Problem details
After locating the line that contains "Historical landmarks in", transcribe exactly that line and each one after it until the data ends, skipping pictures.

Items from a dataset
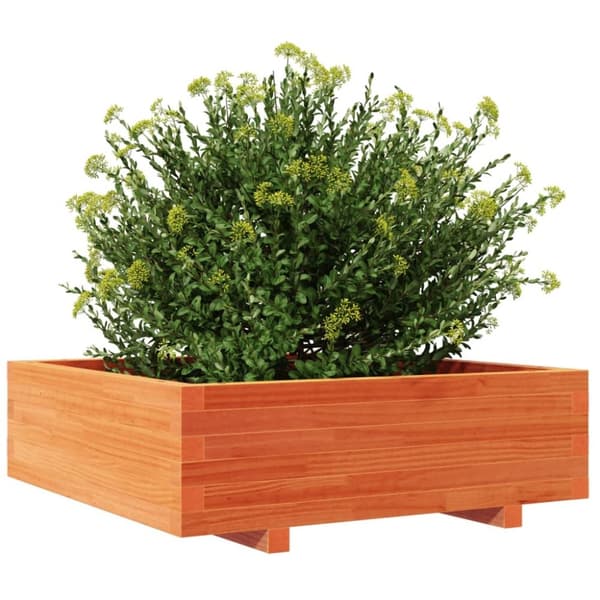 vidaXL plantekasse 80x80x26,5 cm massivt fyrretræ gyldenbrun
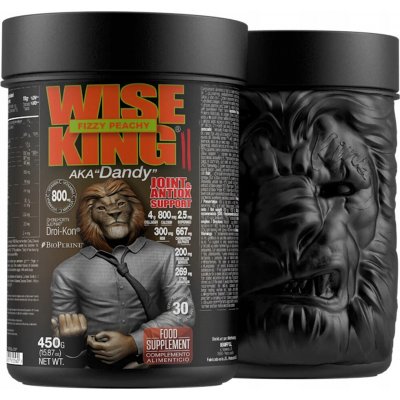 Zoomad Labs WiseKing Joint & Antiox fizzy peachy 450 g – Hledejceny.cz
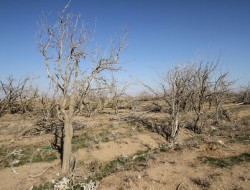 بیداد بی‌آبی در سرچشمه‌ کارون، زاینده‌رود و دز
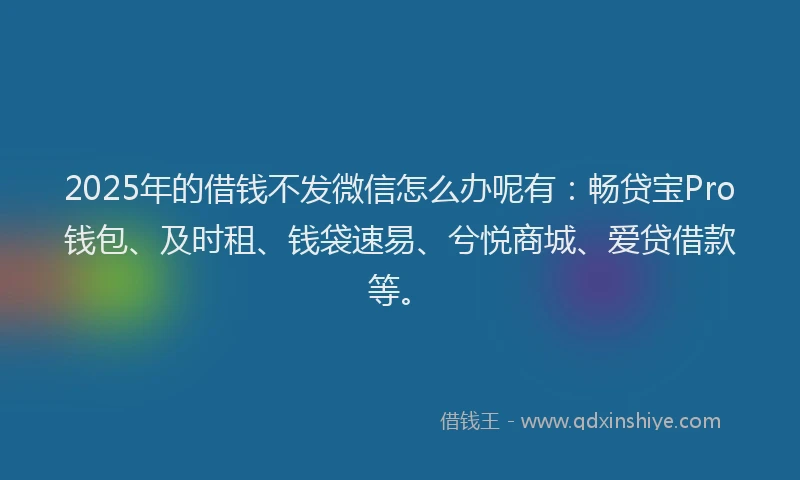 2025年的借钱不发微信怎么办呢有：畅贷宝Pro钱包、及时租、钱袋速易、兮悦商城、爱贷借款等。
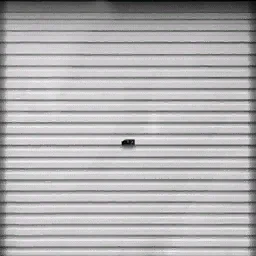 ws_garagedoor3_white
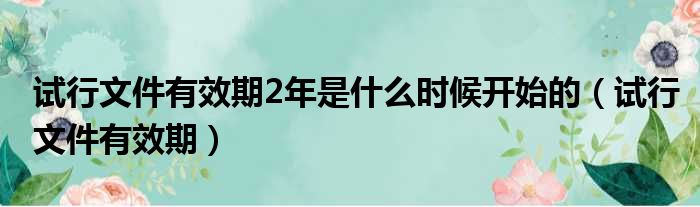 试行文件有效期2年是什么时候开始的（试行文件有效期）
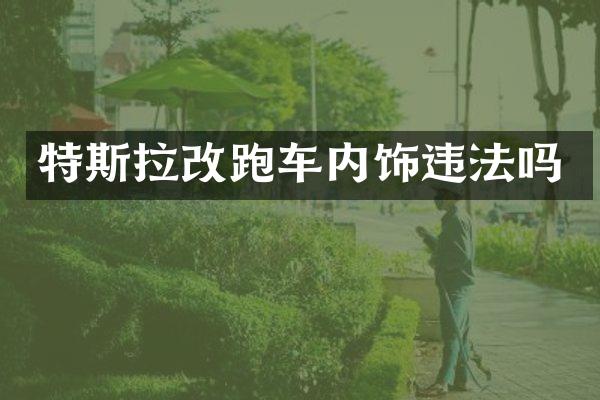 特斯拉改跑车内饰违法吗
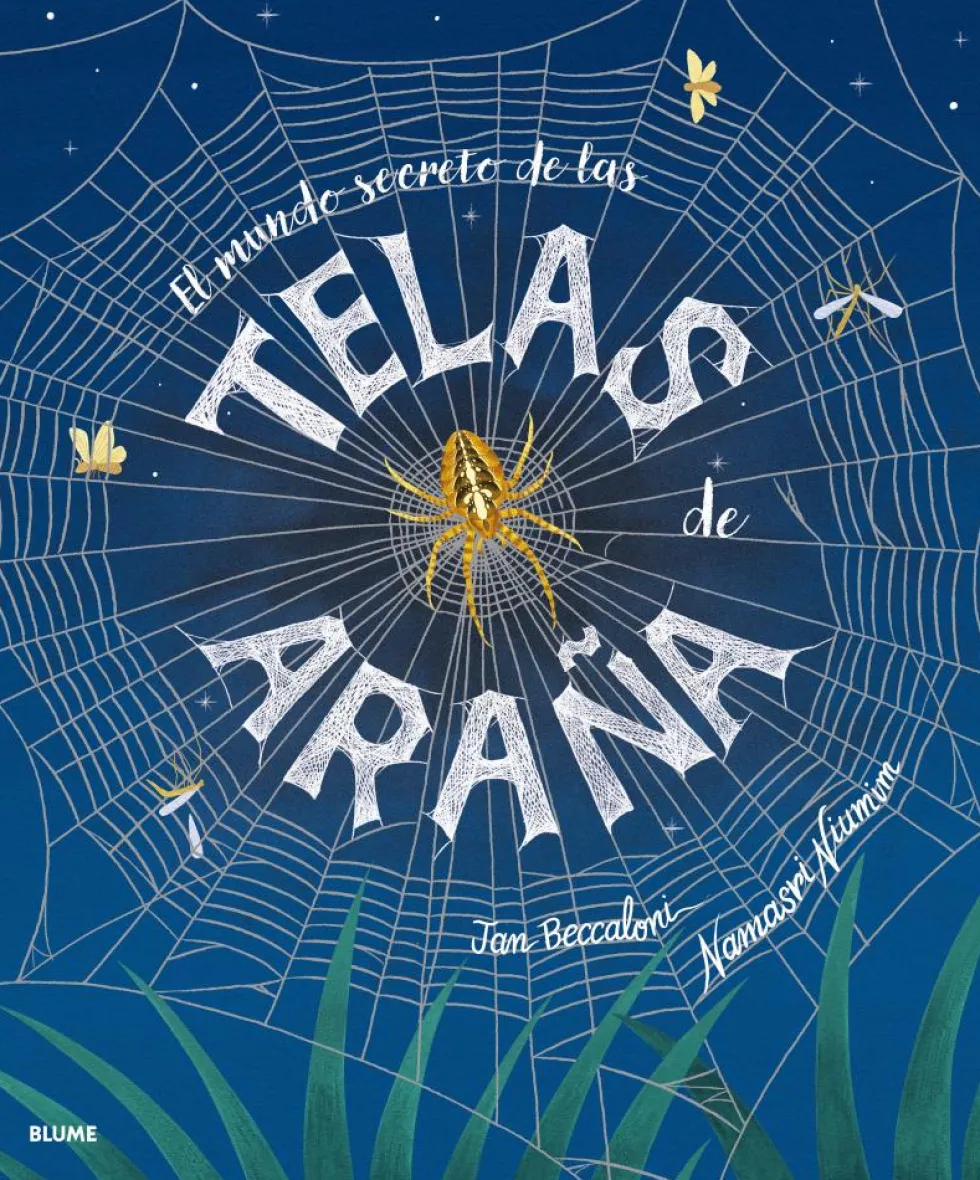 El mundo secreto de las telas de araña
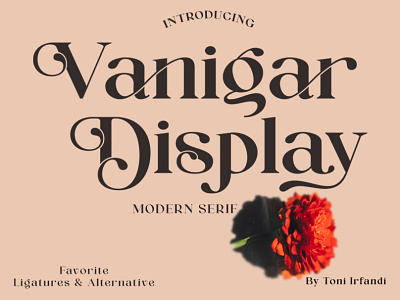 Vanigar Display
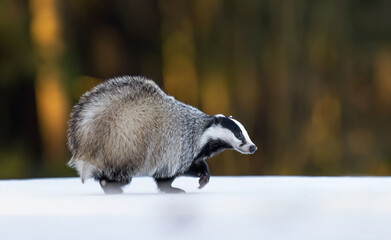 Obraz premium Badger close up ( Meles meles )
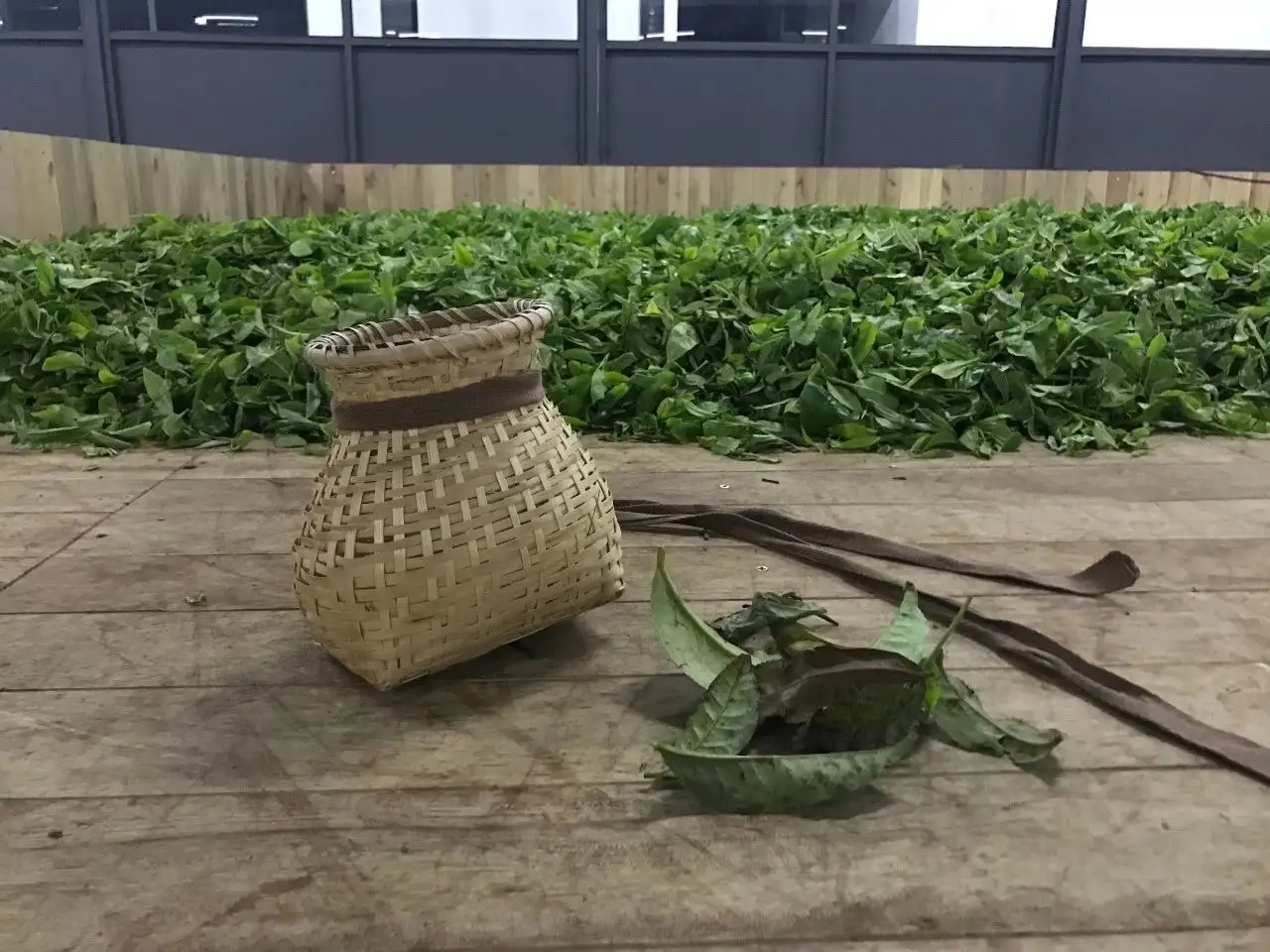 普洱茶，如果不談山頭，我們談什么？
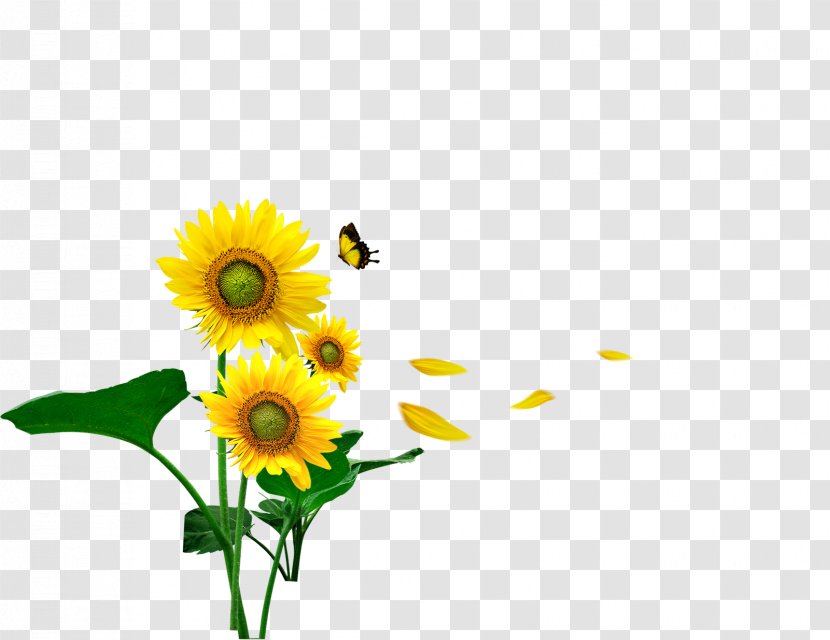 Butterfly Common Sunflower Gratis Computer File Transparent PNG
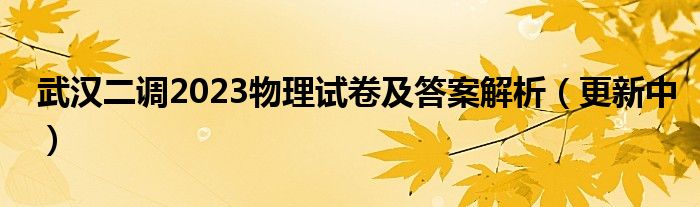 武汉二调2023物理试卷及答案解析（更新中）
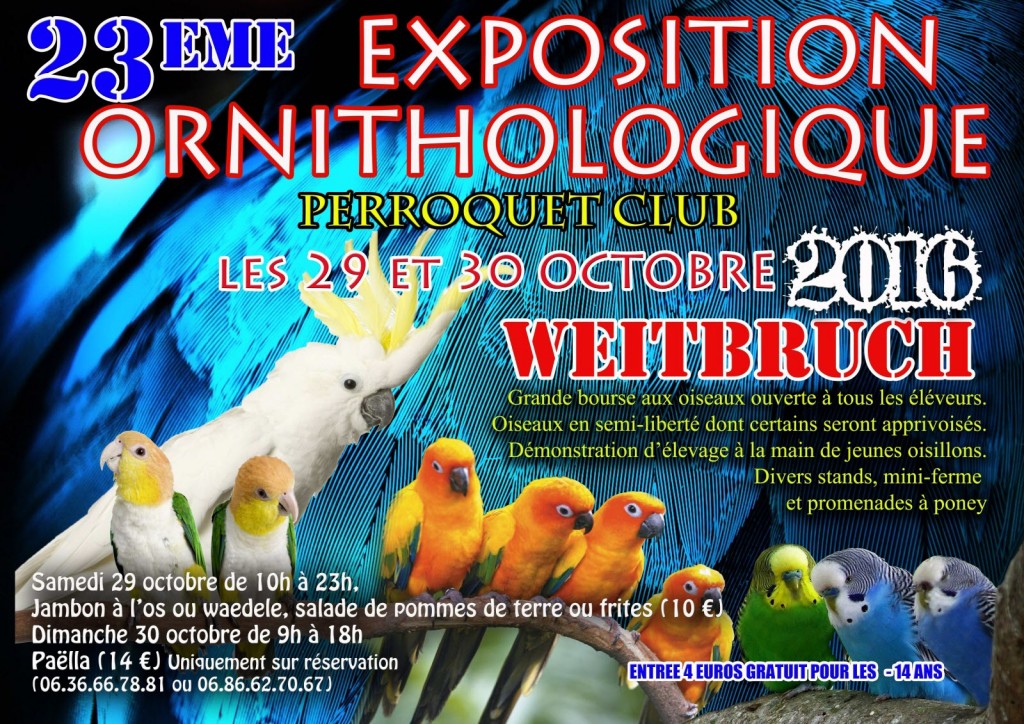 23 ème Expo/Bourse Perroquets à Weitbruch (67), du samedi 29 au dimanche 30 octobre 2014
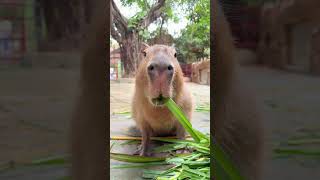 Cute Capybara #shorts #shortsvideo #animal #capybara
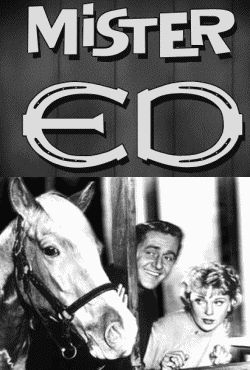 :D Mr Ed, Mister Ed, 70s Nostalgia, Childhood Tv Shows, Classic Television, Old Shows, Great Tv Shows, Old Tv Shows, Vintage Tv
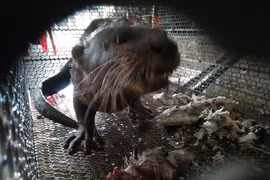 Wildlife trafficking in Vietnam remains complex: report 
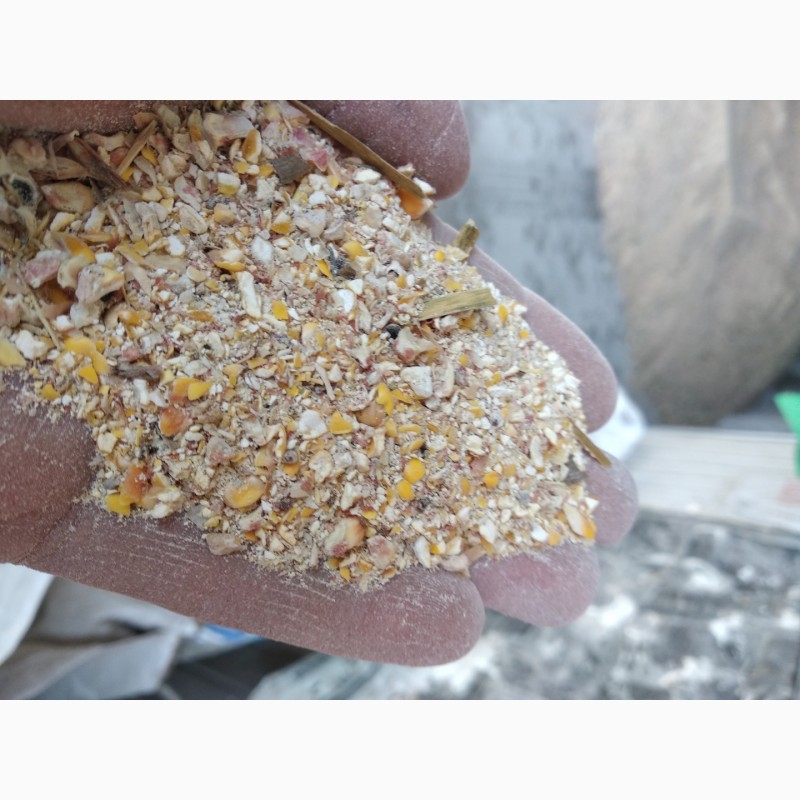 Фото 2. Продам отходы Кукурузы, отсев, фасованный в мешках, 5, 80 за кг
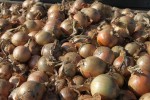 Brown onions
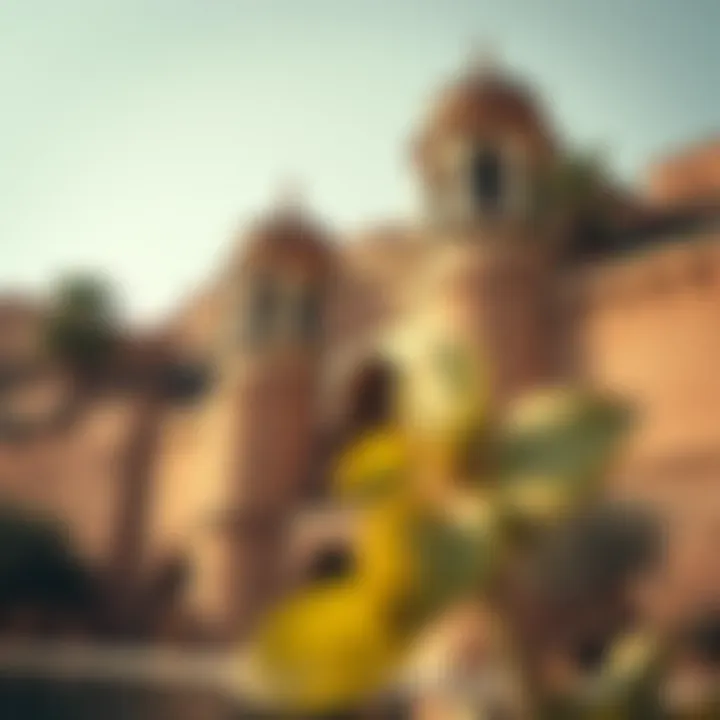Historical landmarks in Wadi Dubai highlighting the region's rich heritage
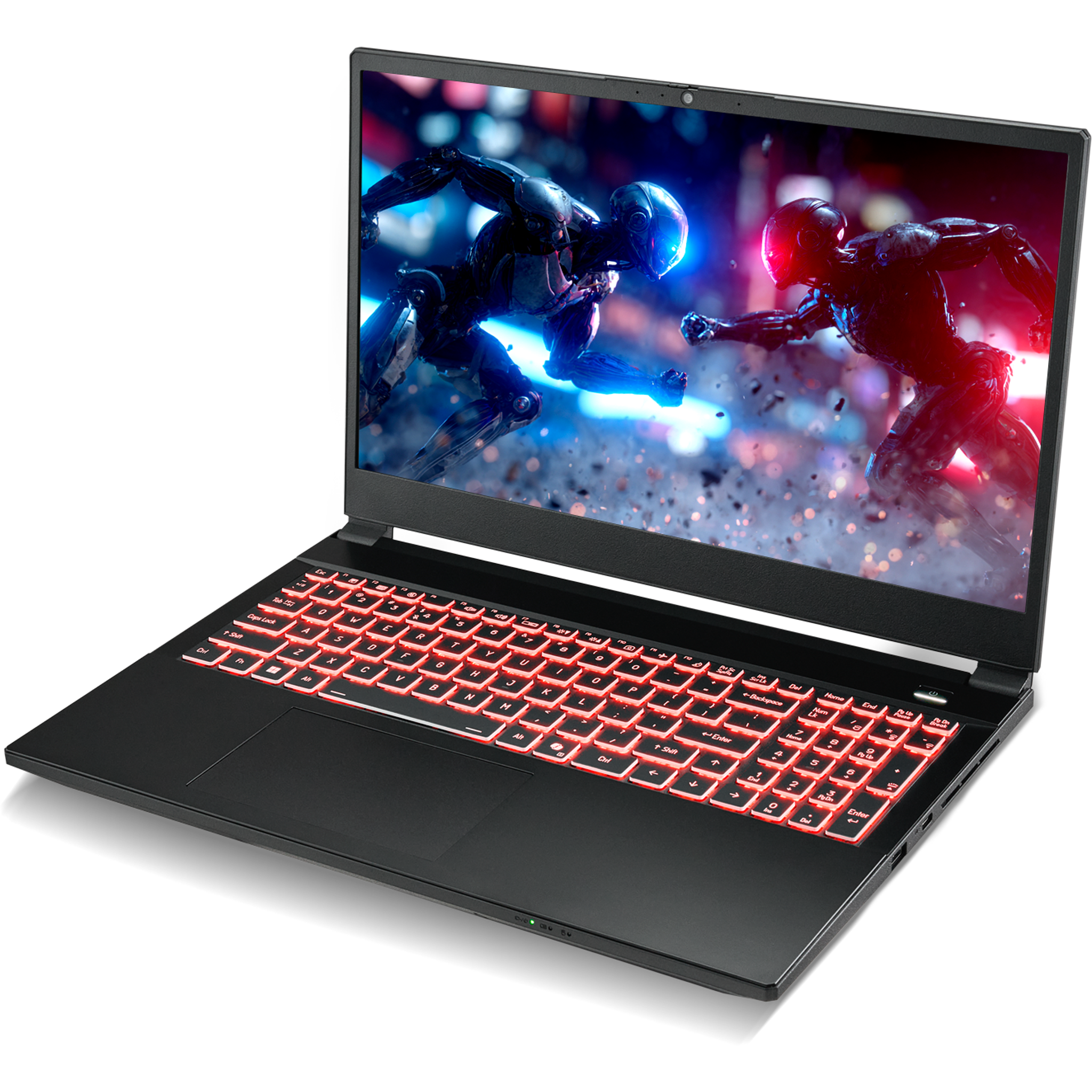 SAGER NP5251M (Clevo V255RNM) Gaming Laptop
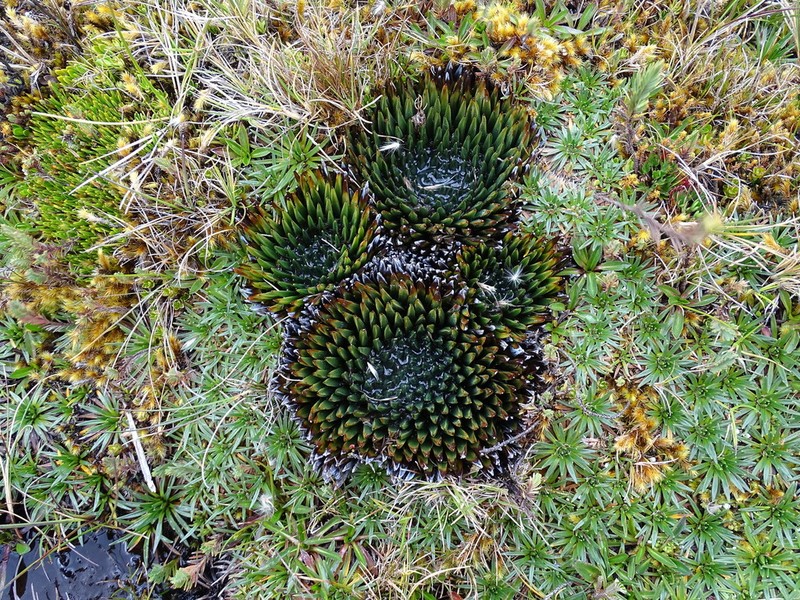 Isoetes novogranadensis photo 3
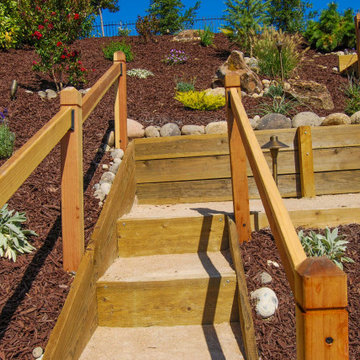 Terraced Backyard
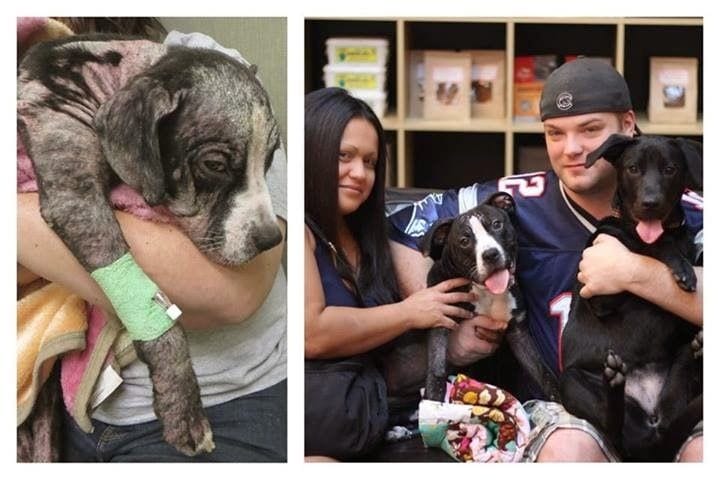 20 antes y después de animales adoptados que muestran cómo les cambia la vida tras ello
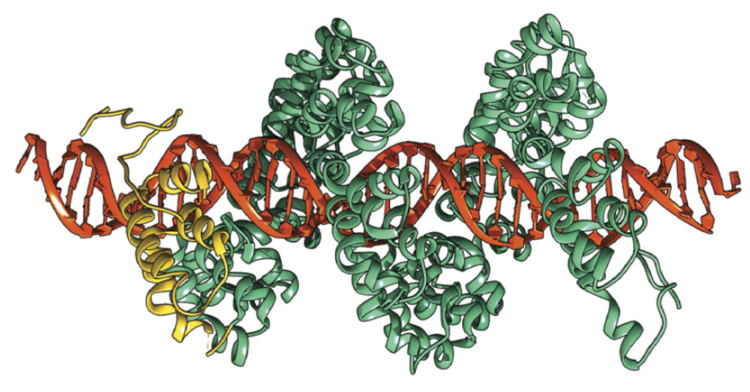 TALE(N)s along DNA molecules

Answer to this task
Historical landmarks in Wadi Dubai highlighting the region's rich heritage
 SAGER NP5251M (Clevo V255RNM) Gaming Laptop
 Isoetes novogranadensis photo 3
 Terraced Backyard
 20 antes y después de animales adoptados que muestran cómo les cambia la vida tras ello
 TALE(N)s along DNA molecules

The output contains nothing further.